September 7, 2010 (Updated September 11, 2018)

I know I should be over this by now,

I should be a better American, but I still can't bring myself to attend memorials, watch the specials or even be on social media on this day. I still jump out of my skin when the phone rings, I cry at the drop of a hat, I get angry at tv commercials that inexplicably depict cities under siege to sell insurance and I continue to fight isolating myself every single day. 

 

But, seventeen years later, I am functioning again - writing plays, performing, making art. Which is a feat since for the first ten years I had been in fog of sorts. Unable to plan ahead. Unable to make long-term goals. Unable to believe that there IS a future. The bad part is that it's not like "me" and the good part is - hey, I live more in the moment now. 

Yet, I always feel shocked when doctors referred to me as a 9/11 survivor or worse, a 9/11 victim. It's beyond embarrassing, really. I wasn't in the building or under the building or anywhere near the building. I was 11 blocks away, standing on the intersection of Church and Leonard Streets with dozens of other people - frozen. Transfixed. Oddly unafraid. 

 

Or so afraid, I couldn't even feel it.

Before this, I had never written about my experience there because ... ah, who the hell knows. I just never have. Now, after so much time has passed that day remains as vivid and startlingly clear as the day it happened. So I'm going to try to describe what I saw and felt for whomever wants to know. I kinda have to do this for myself. Please share with me your experience, no matter how near or far. They are all profound.

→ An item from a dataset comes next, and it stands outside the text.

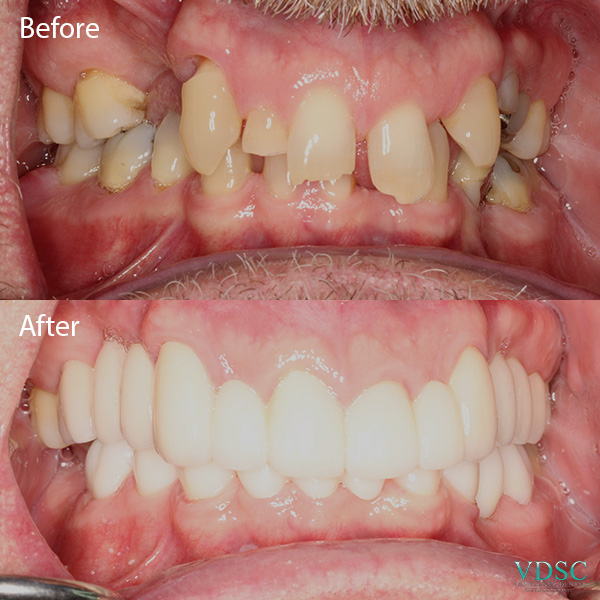 vdsc_full_mouth_reconstruction_ba_3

A little background. After 25 years in Manhattan, I had just moved back to NJ but relocated my minuscule video production company, Moviebaby Productions, to a minuscule office in a building crammed with other minuscule companies on Broadway, between White and Franklin Streets.

 

I had no income for three months because that's how long it took me to effect both moves on crutches (surprise ACL surgery) and it was past imperative that I get back to the business of making money or my 13-year-old company wouldn't make it through the end of the year.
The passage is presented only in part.